Image Classification Batch Inference with Huggingface Vision Transformer
Contents
Image Classification Batch Inference with Huggingface Vision Transformer#
In this example, we will introduce how to use the Ray Data for large-scale image classification batch inference with multiple GPU workers.
In particular, we will:
Load Imagenette dataset from S3 bucket and create a
Ray Dataset
.Load a pretrained Vision Transformer from Huggingface that’s been trained on ImageNet.
Use Ray Data to preprocess the dataset and do model inference parallelizing across multiple GPUs
Evaluate the predictions and save results to S3/local disk.
This example will still work even if you do not have GPUs available, but overall performance will be slower.

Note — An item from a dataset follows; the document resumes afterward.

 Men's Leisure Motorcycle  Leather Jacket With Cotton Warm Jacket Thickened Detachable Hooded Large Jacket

To run this example, you will need to install the following:
!pip install -q -U "ray[data]" transformers
Step 1: Reading the Dataset from S3#
Imagenette is a subset of Imagenet with 10 classes. We have this dataset hosted publicly in an S3 bucket. Since we are only doing inference here, we load in just the validation split.
Here, we use ray.data.read_images
to load the validation set from S3. Ray Data also supports reading from a variety of other datasources and formats.
import ray
s3_uri = "s3://anonymous@air-example-data-2/imagenette2/val/"

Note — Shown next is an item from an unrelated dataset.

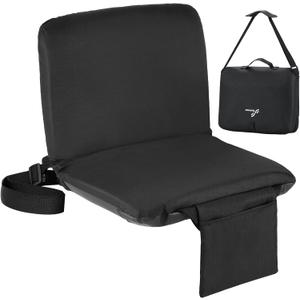 Sportneer Stadium Seats with Back Support: 6 Reclining Position Folding Bleacher Chairs with Back and Cushion - Padded Bleacher Seats with Shoulder Strap & Storage pocket for Events, Outdoors, Camping (17"x11.8"x14", Black)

ds = ray.data.read_images(
s3_uri, mode="RGB"
)
ds
2023-10-03 15:06:36,125 INFO worker.py:1489 -- Connecting to existing Ray cluster at address: 10.0.28.79:6379...

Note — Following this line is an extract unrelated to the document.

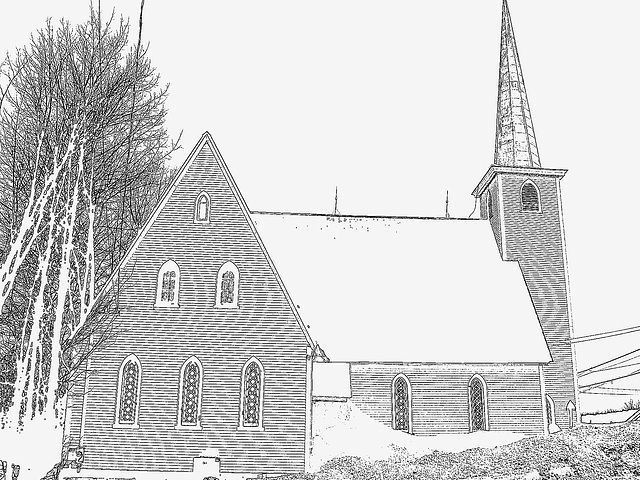 Église St-Augustin de Cantorbery- Austin. Québec- CANADA /   7 février 2009- Contours noirs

2023-10-03 15:06:36,133 INFO worker.py:1664 -- Connected to Ray cluster. View the dashboard at https://session-l4m8w2hmif7kg1kqdu4j4r8u19.i.anyscaleuserdata.com
2023-10-03 15:06:36,155 INFO packaging.py:358 -- Pushing file package 'gcs://_ray_pkg_297c3d2ea3dd8d3d373993b7f9ea82c4.zip' (6.81MiB) to Ray cluster...
2023-10-03 15:06:36,182 INFO packaging.py:371 -- Successfully pushed file package 'gcs://_ray_pkg_297c3d2ea3dd8d3d373993b7f9ea82c4.zip'.
Inspecting the schema, we can see that there is 1 column in the dataset containing the images stored as Numpy arrays.
ds.schema()
Column Type
------ ----
image numpy.ndarray(ndim=3, dtype=uint8)
Step 2: Inference on a single batch#
Next, we can do inference on a single batch of data, using a pre-trained Vision Transformer from Huggingface following this Huggingface example.
Let’s get a batch of 10 from our dataset. Each image in the batch is represented as a Numpy array.
single_batch = ds.take_batch(10)
2023-10-03 15:06:39,698 INFO streaming_executor.py:93 -- Executing DAG InputDataBuffer[Input] -> TaskPoolMapOperator[ReadImage] -> LimitOperator[limit=10]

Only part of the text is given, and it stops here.